- Task details
From the entries, copy out every line in which the word "Club" is found.

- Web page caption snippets
----

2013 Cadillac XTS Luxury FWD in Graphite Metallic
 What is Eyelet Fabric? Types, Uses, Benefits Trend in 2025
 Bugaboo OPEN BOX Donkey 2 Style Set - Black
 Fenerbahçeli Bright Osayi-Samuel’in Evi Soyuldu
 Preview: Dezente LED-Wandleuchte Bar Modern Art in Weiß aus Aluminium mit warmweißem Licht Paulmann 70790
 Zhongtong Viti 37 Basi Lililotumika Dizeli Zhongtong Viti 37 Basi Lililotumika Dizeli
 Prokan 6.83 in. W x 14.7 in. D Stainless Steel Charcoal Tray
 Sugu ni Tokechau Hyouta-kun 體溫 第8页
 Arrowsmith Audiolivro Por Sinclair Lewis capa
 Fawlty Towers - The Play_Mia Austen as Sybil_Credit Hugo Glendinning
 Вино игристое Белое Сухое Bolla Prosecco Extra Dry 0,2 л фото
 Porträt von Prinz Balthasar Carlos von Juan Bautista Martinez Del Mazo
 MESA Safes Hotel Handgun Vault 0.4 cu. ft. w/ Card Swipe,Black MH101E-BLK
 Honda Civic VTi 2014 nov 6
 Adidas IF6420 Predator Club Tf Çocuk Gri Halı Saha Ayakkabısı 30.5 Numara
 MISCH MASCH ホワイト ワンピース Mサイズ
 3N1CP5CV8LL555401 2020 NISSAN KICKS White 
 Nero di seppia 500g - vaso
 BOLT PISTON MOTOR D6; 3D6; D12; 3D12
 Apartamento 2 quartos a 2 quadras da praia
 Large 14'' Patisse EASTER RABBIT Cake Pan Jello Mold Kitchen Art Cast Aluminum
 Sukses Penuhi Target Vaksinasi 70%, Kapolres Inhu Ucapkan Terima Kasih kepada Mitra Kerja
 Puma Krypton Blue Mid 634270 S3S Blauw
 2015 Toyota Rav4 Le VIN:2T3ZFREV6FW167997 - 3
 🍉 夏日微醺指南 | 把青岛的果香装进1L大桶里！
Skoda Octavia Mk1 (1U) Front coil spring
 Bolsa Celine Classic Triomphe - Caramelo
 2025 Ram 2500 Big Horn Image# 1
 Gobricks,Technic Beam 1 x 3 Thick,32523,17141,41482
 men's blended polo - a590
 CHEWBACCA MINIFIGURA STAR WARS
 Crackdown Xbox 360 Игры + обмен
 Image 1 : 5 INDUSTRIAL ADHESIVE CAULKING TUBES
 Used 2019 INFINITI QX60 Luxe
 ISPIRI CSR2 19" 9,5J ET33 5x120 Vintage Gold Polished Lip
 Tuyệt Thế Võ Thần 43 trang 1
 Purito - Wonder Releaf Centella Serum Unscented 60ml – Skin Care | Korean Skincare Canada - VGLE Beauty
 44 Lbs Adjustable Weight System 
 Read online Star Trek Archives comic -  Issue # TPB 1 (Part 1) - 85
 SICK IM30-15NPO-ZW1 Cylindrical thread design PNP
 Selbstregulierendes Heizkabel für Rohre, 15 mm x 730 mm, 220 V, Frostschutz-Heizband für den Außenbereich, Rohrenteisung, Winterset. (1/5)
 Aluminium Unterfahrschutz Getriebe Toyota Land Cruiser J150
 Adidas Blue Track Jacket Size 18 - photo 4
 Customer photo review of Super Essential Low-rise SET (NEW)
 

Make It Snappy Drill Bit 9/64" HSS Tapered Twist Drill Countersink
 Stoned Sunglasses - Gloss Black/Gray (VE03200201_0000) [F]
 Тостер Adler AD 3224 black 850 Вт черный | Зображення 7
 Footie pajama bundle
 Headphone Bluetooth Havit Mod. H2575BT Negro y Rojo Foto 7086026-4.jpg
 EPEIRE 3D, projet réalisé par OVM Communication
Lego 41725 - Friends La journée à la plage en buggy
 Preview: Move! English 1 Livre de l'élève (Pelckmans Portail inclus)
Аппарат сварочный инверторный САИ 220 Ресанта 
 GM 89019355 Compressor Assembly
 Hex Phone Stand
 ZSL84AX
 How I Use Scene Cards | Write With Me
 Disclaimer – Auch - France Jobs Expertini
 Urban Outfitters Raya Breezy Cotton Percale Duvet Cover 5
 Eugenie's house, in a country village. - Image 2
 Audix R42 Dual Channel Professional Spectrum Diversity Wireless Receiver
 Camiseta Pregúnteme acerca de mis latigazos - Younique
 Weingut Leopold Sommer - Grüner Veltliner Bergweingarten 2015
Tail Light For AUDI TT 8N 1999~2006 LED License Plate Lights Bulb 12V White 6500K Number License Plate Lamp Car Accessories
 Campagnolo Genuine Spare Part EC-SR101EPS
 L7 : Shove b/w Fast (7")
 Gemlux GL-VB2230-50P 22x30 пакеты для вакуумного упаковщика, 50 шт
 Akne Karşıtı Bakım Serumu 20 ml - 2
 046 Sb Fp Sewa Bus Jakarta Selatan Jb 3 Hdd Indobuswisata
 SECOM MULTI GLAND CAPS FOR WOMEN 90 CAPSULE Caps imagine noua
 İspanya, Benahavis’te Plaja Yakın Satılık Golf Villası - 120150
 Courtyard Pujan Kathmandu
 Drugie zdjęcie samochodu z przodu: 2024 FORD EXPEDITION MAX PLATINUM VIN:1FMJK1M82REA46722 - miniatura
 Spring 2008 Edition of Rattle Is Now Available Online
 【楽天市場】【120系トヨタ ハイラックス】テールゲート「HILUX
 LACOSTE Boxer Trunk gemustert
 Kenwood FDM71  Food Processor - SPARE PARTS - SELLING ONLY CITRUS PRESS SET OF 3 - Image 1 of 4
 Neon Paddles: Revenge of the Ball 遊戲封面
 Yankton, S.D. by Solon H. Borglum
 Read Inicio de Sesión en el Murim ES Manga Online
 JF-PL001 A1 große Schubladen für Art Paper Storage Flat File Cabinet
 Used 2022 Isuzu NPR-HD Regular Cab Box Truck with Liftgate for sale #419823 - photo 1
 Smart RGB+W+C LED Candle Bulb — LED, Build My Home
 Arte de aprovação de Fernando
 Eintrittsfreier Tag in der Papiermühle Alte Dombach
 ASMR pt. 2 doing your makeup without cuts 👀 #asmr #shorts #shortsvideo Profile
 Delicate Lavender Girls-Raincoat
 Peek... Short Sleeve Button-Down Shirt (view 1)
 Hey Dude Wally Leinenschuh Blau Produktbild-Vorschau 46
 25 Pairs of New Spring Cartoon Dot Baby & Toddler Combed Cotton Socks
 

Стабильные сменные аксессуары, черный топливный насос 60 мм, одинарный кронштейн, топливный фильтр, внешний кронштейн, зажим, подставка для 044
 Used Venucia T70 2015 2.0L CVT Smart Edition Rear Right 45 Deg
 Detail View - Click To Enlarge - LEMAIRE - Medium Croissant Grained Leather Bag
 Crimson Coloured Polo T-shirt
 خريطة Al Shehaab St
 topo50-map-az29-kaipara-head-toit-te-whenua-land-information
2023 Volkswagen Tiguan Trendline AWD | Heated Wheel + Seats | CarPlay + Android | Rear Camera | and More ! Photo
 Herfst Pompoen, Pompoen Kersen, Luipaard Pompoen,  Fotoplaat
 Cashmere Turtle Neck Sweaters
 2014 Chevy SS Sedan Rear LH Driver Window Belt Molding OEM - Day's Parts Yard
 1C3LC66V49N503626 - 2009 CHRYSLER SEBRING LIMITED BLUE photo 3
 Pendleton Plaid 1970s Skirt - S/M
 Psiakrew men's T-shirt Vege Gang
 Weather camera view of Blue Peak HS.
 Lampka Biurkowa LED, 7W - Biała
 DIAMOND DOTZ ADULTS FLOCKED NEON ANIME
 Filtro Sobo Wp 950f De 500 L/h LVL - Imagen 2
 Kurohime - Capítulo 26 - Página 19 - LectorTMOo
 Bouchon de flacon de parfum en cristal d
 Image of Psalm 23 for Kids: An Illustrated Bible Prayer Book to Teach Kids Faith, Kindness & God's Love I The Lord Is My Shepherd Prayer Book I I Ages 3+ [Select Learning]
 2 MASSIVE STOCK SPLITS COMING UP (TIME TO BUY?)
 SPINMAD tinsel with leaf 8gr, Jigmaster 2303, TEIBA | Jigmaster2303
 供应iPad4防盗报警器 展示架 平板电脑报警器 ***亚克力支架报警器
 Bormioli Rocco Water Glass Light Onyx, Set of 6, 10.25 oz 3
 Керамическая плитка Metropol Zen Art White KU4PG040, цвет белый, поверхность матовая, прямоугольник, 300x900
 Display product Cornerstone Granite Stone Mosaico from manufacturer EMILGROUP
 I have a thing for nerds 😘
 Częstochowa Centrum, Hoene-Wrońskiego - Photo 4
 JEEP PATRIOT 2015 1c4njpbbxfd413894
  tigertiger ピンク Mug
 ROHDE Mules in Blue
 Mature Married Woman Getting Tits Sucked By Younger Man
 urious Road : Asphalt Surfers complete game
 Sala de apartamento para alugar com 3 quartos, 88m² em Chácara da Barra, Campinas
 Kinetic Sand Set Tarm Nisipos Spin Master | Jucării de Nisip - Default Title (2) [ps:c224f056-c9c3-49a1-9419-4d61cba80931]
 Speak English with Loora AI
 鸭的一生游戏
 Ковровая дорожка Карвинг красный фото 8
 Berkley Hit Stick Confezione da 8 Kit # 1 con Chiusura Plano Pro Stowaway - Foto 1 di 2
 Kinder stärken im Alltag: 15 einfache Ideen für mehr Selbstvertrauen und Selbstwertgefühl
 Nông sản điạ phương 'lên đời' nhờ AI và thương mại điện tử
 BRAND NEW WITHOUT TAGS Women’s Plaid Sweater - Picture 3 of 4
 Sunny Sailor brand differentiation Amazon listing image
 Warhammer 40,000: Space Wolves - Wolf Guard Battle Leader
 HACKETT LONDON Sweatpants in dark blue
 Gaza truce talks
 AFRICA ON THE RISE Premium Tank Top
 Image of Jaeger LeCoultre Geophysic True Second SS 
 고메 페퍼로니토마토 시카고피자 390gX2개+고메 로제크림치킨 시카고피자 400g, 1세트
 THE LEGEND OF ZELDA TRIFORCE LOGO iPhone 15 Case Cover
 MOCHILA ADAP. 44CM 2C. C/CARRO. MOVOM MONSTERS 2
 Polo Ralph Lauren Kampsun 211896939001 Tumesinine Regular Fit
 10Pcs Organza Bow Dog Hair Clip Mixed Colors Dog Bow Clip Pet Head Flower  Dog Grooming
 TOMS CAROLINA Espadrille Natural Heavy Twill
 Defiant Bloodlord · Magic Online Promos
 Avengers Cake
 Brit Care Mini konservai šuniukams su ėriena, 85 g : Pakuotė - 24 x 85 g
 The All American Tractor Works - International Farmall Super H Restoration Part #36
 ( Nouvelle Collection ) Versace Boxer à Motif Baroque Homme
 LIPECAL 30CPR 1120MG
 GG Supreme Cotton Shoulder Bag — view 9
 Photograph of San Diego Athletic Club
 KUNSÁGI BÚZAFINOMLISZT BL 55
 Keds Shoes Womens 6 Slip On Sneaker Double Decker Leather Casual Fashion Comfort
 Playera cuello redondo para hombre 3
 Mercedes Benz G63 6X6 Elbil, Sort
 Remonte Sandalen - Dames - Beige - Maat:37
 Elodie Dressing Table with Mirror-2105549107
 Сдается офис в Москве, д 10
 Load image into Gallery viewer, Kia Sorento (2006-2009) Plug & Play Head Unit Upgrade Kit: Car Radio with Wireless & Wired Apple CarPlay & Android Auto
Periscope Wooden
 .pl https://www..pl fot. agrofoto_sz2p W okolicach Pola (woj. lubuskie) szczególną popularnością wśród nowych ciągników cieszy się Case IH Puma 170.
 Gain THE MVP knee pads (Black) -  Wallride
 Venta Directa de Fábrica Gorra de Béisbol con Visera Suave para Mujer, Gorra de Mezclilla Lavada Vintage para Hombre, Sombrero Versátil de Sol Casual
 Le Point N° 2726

----

- Result of the exercise
 Adidas IF6420 Predator Club Tf Çocuk Gri Halı Saha Ayakkabısı 30.5 Numara
 Photograph of San Diego Athletic Club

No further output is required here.